(Dataset Opens)
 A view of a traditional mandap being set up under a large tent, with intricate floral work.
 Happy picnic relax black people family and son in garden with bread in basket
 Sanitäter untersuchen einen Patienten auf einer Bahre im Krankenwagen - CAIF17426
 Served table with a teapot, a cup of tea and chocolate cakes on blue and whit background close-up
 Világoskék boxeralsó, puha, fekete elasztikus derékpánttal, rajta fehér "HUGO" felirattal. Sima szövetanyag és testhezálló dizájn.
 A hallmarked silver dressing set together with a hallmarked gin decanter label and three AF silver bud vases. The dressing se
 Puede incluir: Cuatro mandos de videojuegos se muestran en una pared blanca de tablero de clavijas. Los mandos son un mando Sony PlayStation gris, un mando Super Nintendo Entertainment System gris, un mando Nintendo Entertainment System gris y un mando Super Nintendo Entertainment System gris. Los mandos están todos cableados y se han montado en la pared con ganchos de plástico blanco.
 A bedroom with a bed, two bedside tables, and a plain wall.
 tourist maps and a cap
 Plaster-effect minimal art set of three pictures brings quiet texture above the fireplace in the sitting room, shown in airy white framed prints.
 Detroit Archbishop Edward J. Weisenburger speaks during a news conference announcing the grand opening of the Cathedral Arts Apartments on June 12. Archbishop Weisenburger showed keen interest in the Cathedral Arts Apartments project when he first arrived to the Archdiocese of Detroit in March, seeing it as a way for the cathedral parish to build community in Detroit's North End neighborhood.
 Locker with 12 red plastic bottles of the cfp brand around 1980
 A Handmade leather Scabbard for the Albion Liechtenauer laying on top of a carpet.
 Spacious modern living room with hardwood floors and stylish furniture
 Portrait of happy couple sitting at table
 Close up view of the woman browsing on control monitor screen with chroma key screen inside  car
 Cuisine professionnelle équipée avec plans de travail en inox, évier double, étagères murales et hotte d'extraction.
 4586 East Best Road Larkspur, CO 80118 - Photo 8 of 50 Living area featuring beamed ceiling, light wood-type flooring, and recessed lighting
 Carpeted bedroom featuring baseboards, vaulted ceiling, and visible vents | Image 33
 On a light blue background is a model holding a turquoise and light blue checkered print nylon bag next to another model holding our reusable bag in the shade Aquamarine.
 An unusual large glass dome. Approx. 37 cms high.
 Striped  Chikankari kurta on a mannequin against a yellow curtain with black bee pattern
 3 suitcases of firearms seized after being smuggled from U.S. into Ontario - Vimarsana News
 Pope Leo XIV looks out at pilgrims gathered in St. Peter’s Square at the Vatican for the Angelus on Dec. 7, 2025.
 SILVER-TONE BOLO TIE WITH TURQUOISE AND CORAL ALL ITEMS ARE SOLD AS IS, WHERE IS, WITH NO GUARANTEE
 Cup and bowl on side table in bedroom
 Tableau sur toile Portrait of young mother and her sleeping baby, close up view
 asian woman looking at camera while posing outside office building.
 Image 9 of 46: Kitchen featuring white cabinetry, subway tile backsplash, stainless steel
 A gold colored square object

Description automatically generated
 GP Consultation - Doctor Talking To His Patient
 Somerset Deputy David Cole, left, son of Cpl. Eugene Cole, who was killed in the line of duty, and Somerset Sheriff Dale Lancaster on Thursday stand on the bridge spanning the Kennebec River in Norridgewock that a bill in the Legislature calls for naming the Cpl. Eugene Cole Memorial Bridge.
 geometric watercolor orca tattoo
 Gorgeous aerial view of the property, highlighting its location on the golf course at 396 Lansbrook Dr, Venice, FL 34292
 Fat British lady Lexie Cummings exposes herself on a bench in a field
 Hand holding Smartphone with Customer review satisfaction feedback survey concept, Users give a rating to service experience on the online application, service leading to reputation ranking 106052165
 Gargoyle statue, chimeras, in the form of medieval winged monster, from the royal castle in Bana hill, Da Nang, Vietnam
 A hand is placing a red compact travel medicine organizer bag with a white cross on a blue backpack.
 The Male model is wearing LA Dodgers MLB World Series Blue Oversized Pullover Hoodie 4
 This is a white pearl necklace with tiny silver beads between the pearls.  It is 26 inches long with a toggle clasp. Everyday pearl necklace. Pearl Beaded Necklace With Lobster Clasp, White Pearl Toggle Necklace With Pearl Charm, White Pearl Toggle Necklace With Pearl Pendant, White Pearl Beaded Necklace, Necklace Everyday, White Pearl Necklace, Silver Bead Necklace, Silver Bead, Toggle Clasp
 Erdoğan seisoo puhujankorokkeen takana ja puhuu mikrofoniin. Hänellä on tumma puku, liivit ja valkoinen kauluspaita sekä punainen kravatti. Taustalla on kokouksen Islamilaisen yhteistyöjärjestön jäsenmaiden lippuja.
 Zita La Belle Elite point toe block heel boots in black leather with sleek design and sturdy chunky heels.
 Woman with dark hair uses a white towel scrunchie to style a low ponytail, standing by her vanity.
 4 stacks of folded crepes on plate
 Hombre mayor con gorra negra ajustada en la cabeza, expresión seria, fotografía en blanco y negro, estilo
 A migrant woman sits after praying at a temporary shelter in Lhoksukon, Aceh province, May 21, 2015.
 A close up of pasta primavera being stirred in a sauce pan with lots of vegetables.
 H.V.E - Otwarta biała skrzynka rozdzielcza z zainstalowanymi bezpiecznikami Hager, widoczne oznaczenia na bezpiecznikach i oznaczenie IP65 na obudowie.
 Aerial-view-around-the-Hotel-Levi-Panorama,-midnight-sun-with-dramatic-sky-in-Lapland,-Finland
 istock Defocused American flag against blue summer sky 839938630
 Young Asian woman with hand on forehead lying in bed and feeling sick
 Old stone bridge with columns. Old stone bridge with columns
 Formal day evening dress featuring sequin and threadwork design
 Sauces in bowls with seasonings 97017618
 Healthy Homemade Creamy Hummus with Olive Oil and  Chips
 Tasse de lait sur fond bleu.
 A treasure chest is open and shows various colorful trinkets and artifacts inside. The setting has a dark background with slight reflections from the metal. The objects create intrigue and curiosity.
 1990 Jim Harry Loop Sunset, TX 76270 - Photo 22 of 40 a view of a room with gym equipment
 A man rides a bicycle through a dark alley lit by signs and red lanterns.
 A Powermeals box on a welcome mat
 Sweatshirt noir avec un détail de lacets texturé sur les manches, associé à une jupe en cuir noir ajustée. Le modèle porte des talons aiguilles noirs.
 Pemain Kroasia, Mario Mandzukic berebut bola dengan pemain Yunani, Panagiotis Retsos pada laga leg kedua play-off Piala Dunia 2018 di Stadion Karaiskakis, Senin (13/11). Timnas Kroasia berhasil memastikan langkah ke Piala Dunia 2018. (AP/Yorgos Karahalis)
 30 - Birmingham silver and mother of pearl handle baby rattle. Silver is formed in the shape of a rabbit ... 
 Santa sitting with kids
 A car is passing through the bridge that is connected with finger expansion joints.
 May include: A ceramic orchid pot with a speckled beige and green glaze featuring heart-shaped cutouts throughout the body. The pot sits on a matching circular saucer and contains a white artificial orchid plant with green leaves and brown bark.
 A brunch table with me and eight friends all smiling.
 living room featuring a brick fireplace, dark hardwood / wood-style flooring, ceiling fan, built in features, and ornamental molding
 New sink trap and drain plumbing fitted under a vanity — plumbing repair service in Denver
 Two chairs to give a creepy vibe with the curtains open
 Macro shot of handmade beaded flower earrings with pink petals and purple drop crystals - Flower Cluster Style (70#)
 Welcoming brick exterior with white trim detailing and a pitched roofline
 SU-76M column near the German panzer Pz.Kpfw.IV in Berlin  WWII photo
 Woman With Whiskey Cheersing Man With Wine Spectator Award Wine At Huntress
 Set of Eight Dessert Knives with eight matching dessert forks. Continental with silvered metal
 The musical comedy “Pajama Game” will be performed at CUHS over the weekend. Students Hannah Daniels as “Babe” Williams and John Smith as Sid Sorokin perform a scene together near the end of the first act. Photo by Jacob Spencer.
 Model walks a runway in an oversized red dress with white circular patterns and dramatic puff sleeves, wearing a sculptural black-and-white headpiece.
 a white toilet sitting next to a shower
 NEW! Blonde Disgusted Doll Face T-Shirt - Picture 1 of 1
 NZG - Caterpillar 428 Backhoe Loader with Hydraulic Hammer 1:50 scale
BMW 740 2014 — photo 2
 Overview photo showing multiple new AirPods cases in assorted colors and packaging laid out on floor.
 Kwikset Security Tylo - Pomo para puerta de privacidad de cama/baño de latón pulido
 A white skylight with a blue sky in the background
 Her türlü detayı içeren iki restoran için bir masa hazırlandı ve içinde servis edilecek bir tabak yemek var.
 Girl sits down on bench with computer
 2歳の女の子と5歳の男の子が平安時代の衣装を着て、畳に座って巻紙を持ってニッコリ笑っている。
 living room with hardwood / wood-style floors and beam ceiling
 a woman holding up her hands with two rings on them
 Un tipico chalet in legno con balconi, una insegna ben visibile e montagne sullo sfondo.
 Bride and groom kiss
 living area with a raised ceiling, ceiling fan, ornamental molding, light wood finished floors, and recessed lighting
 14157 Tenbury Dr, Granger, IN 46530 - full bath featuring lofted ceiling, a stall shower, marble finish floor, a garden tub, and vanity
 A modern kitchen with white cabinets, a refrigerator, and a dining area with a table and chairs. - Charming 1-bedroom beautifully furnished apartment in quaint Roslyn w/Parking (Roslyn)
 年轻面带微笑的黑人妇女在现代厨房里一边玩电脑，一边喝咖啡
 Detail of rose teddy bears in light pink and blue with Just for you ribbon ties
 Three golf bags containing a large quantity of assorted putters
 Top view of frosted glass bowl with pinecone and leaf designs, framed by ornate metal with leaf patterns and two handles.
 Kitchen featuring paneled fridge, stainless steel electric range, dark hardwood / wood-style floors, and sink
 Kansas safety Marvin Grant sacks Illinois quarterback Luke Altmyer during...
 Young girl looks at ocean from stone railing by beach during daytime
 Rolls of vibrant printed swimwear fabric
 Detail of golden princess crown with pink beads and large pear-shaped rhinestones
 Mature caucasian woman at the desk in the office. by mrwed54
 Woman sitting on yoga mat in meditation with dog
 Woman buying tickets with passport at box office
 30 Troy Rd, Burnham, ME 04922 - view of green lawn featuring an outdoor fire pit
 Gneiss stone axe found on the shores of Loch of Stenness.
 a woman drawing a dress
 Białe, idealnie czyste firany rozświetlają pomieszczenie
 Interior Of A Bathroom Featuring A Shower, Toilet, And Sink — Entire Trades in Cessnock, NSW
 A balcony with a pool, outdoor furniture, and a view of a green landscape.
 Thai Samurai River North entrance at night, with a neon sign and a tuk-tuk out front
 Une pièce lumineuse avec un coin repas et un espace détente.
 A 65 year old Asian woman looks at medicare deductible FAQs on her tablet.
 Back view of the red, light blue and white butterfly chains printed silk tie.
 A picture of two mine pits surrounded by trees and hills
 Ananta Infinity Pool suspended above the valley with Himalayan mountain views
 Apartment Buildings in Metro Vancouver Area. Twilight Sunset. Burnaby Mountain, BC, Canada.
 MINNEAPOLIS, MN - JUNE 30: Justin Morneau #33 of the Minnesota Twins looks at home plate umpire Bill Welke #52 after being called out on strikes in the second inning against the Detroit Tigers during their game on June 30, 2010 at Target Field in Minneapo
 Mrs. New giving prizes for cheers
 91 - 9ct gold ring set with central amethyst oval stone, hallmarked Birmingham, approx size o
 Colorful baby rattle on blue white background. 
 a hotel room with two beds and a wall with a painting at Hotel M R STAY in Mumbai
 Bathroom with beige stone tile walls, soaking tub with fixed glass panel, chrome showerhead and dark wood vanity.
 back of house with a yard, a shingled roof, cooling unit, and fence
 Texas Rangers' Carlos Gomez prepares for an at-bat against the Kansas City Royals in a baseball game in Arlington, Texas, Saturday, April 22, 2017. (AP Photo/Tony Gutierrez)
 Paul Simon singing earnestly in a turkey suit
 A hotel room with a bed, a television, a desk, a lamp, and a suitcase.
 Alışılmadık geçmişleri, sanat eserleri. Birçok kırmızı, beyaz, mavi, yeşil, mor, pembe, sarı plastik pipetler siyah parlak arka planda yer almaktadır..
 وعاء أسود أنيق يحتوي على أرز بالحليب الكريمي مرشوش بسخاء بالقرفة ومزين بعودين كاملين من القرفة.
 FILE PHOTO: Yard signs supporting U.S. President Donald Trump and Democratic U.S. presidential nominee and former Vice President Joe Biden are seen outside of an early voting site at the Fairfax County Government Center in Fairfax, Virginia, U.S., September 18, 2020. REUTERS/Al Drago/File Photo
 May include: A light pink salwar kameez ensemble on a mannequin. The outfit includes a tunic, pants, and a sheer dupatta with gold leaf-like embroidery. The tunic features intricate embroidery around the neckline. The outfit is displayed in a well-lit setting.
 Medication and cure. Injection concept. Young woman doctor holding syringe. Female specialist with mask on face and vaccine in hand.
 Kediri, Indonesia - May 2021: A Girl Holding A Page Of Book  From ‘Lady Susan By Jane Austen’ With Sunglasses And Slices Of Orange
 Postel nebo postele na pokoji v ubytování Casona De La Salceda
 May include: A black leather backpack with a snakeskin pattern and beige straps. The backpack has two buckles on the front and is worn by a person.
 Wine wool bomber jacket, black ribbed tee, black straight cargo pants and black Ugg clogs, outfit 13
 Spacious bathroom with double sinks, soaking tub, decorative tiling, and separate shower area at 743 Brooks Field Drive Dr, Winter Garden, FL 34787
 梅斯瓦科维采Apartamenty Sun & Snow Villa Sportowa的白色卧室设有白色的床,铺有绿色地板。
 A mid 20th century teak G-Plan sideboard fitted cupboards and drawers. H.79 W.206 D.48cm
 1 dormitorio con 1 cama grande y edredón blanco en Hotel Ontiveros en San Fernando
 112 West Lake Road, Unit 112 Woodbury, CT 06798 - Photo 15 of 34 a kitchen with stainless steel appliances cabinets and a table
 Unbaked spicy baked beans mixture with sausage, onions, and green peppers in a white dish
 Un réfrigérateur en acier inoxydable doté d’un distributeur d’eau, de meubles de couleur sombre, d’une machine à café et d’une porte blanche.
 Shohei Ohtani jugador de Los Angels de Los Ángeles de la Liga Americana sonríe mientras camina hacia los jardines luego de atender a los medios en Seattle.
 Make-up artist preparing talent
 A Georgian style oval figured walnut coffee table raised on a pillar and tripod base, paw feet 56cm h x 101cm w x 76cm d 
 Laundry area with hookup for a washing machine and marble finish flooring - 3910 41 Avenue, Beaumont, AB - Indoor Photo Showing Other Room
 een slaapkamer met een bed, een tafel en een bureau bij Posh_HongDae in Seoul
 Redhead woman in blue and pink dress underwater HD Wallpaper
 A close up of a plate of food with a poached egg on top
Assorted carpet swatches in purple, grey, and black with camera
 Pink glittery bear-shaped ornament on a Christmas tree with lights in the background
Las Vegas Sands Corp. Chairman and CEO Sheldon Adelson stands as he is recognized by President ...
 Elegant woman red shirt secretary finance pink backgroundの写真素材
(Dataset Closes)
Task item:
Could you filter the entries above for lines holding the string "furniture" and copy them?

Expected answer:
 Spacious modern living room with hardwood floors and stylish furniture
 A balcony with a pool, outdoor furniture, and a view of a green landscape.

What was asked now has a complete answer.